«L’histoire à la fois ignorée et manipulée» («Die sowohl ignorierte als auch manipulierte Geschichte»), lautet der Titel des neusten Artikels des erfahrenen Westschweizer Journalisten Jacques Pilet. Er ist in elegantem und leichtfüssigem Französisch geschrieben, aber der Text hat Sprengkraft.
Anlass dafür boten die jüngsten Äusserungen von Emmanuel Macron und seinem Premierminister in Frankreich. Insbesondere ihr Vorschlag, Truppen in die Ukraine zu schicken, der die westlichen Verbündeten verärgert und Europa gespalten hat. Diese Ereignisse werfen gemäss Pilet wichtige Fragen zur Bedeutung historischer Beziehungen und zur politischen Kompetenz der heutigen Staatsmänner auf.
Jungen Politikern wie dem französischen Premierminister Gabriel Attal und Valérie Hayer attestiert Pilet eine gewisse Leichtfertigkeit in ihren Äusserungen und politischen Visionen. Attal endete eine seiner Reden beispielsweise mit den berüchtigten Worten «Slava Ukraïni» (Ruhm der Ukraine), die von Historikern als nationalistisches Motto der Anhänger des Faschisten Stepan Bandera kritisiert werden.
Valérie Hayer, Abgeordnete des Europäischen Parlaments, freut sich über den baldigen Beitritt der Ukraine zur EU und zur NATO. Darüber hinaus gibt sie sich geschichtsbewusst. Sie hielt es für angebracht, zu sagen: «Gestern Daladier und Chamberlain, heute Le Pen und Orbán. Die gleichen Worte, die gleichen Argumente, die gleichen Debatten. Wir sind in München, 1938».
Christophe Naudin, Professor für Geschichte und Autor mehrerer Bücher, die Geschichtsmythen und ihre politische Instrumentalisierung aufdecken, nimmt kein Blatt vor den Mund:
«Man muss aufhören mit den schwachsinnigen historischen Parallelen, rechts wie links, 1914 wie 1938. Und noch mehr, wenn man keine Ahnung davon hat.»
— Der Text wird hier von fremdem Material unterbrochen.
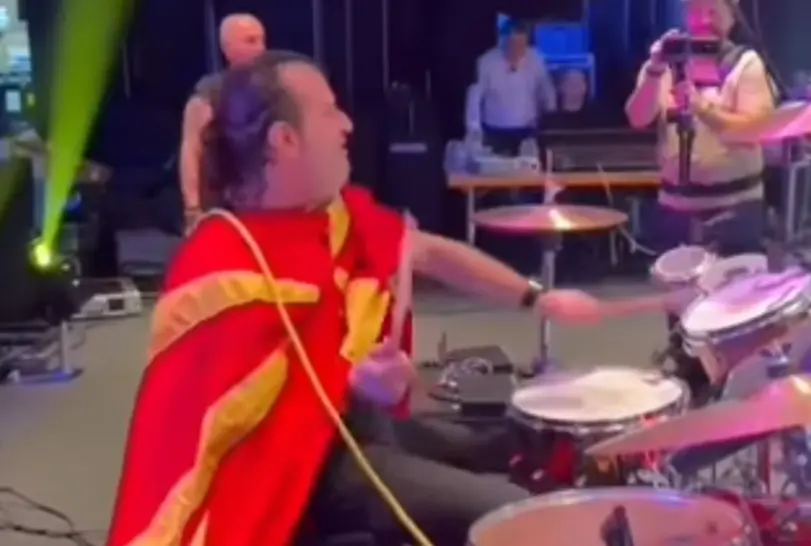 (ВИДЕО) Аца Лукас со македонското знаме на себе ја пее „Јовано Јованке“ – по приведувањето напиша „Ја сакам Македонија“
Es gibt jedoch gemäss Pilet auch erfrischende Beispiele für junge politische Führungskräfte, wie Gabriel Boric aus Chile, der die lateinamerikanische Linke neu erfindet und ideologische Altlasten hinter sich lässt. Doch nicht alle jungen Politiker sind so überzeugend. Stéphane Séjourné, ein weiteres Beispiel aus Frankreich, scheint politische Ambitionen zu haben. Pilet attestiert dem Jungspund aber Mängel sowohl bei seiner politischen Erfahrung als auch in Bezug auf seine sprachliche Kompetenz.
Jacques Pilet betont, dass historische Kenntnisse von entscheidender Bedeutung sind, um die aktuellen politischen Ereignisse besser zu verstehen. Wladimir Putin sei ein Meister der Geschichtsmanipulation und nutze sie oft, um seine politischen Ziele zu verfolgen. Doch seine Interpretationen seien oft verzerrt und einseitig. Aber der Westschweizer Journalist zeigt mit seinen Beispielen, dass es auch im Westen damit nicht gut bestellt ist.
Insgesamt verdeutlicht der Artikel die Bedeutung einer fundierten historischen Bildung und eines reflektierten Umgangs mit der Vergangenheit. Dies ist unerlässlich, um die gegenwärtigen Herausforderungen besser zu verstehen und angemessen darauf zu reagieren.